Data for this task below:

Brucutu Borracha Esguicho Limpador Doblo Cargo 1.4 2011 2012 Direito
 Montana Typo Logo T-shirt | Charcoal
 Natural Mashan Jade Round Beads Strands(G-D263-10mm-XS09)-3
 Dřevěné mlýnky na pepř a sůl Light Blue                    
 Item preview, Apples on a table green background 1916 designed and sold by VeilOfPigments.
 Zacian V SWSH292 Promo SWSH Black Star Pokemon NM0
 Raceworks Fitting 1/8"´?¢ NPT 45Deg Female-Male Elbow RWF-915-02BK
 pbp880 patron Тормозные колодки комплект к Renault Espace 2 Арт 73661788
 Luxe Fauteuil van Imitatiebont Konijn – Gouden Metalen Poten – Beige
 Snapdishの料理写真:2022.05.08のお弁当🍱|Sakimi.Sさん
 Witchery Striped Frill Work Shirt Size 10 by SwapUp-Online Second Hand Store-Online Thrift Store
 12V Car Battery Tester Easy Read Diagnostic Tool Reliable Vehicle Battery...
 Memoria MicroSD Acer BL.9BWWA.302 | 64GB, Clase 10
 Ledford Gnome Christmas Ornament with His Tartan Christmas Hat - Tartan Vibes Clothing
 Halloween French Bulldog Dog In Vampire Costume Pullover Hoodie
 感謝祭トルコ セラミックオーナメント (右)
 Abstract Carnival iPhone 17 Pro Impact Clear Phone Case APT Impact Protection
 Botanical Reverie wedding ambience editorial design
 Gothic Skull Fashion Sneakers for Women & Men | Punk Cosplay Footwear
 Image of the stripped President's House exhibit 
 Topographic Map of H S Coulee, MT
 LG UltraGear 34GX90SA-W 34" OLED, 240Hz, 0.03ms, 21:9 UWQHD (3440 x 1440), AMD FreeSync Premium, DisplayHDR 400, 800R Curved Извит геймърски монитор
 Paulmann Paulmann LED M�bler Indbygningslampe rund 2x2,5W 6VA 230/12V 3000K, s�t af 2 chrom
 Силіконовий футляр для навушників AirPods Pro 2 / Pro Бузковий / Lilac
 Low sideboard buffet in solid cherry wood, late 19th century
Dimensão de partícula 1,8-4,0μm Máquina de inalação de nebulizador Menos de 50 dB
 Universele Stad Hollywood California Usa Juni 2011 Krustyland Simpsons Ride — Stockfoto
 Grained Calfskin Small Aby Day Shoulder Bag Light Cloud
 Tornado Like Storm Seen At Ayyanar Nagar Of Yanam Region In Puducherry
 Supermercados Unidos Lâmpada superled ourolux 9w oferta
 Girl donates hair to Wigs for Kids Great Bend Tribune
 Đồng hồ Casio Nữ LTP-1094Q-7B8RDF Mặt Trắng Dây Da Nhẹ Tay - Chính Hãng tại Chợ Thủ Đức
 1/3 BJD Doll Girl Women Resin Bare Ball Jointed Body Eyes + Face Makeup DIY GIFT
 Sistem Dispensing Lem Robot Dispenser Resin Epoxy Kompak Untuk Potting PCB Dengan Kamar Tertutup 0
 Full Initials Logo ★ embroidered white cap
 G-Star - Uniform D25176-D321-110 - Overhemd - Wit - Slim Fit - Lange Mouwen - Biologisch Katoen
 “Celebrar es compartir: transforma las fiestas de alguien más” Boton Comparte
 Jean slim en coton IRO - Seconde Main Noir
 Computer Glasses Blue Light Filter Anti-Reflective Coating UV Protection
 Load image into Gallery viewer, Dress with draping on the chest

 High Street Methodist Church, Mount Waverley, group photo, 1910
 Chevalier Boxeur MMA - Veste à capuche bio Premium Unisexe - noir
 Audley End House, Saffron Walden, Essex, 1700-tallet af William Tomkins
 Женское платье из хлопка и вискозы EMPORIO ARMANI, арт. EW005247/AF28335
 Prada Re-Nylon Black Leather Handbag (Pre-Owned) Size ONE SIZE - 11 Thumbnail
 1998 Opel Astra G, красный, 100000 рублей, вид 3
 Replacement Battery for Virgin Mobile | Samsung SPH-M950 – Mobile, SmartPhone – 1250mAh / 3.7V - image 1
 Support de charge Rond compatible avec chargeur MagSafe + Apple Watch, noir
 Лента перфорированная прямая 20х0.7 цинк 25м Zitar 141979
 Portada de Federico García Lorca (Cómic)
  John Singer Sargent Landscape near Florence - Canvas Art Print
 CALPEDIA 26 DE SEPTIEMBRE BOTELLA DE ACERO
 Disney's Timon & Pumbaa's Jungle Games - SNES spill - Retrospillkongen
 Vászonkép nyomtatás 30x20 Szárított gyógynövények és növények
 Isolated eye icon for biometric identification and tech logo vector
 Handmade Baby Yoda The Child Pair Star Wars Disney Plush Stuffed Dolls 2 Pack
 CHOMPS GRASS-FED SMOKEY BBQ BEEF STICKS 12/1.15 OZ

End of Data for this task.

* What to work on
Look through the records for the word "Women". Every line that has it should be copied.

* Completed exercise
 Gothic Skull Fashion Sneakers for Women & Men | Punk Cosplay Footwear
 1/3 BJD Doll Girl Women Resin Bare Ball Jointed Body Eyes + Face Makeup DIY GIFT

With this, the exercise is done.